## The task
Please give again every entry exactly as it appears, setting aside the pictures.

_ _ _ _ _

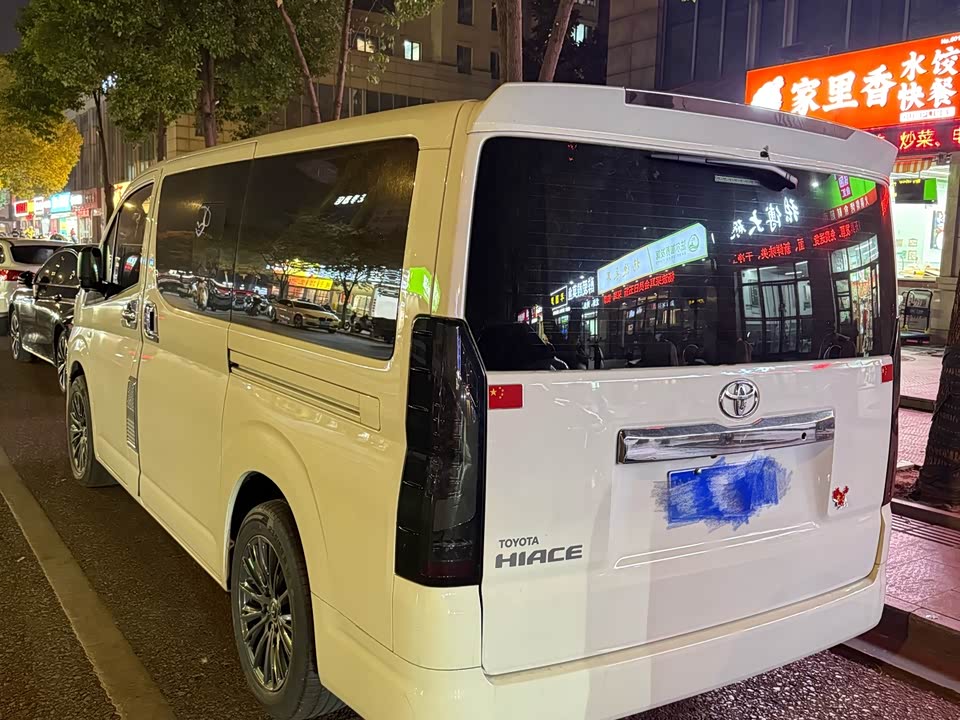 Toyota HIACE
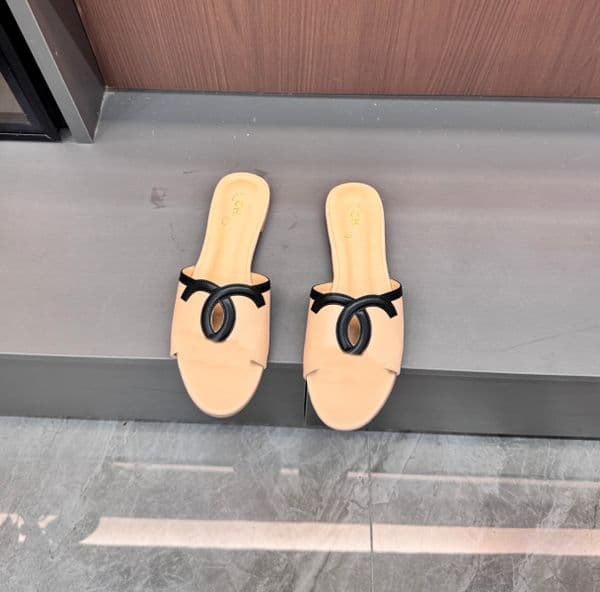 slipper designer shoes women sandals cowboy flat slippers summer designer sandals women high quality genuine leather slides fashionable and classic beach shoes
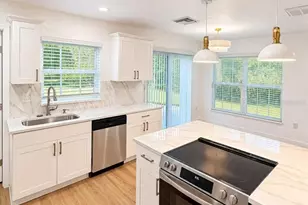 447 Zephyr Rd, Venice, FL 34293 - Photo 8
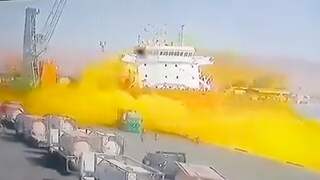 Kraan laat tank met giftig gas vallen in Jordanië
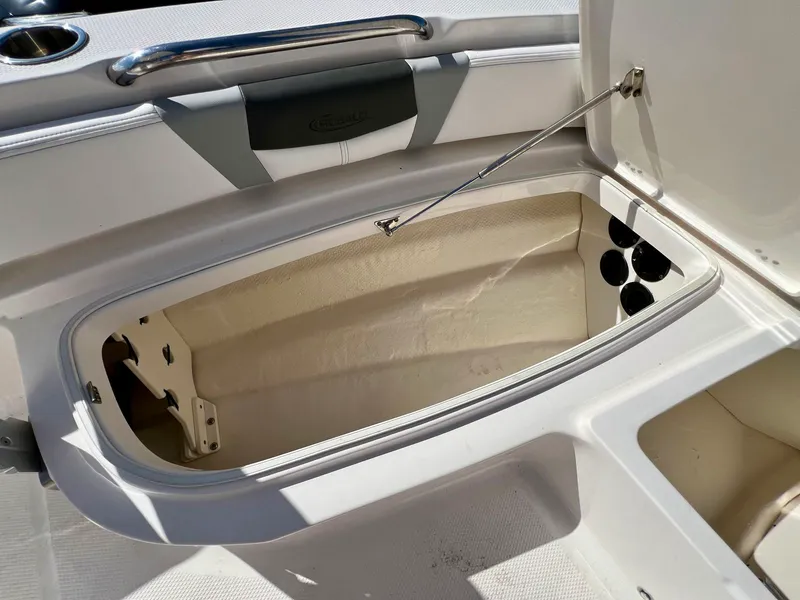 Slide: The Image of Robalo 206 Cayman 2024 - 20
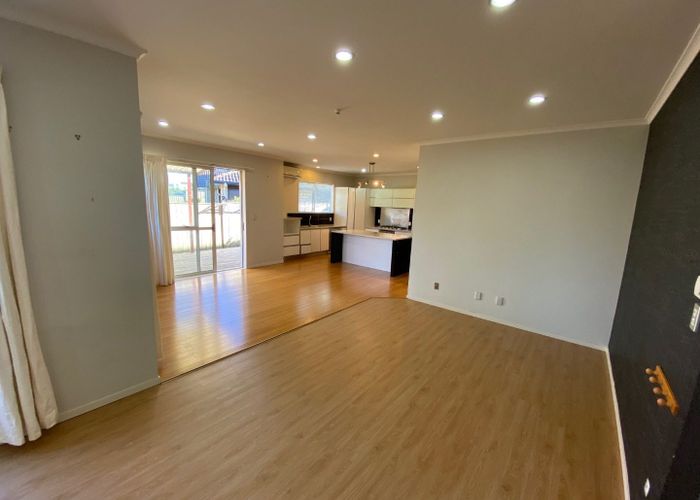  at 33 Stamford Crescent, Flat Bush, Manukau City, Auckland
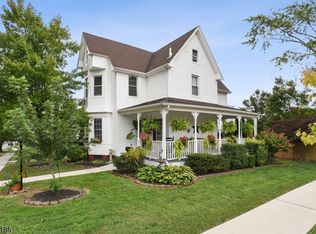 117 E Prospect Ave, Woodbridge, NJ 07095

_ _ _ _ _

## Final answer
 Toyota HIACE
 slipper designer shoes women sandals cowboy flat slippers summer designer sandals women high quality genuine leather slides fashionable and classic beach shoes
 447 Zephyr Rd, Venice, FL 34293 - Photo 8
 Kraan laat tank met giftig gas vallen in Jordanië
 Slide: The Image of Robalo 206 Cayman 2024 - 20
  at 33 Stamford Crescent, Flat Bush, Manukau City, Auckland
 117 E Prospect Ave, Woodbridge, NJ 07095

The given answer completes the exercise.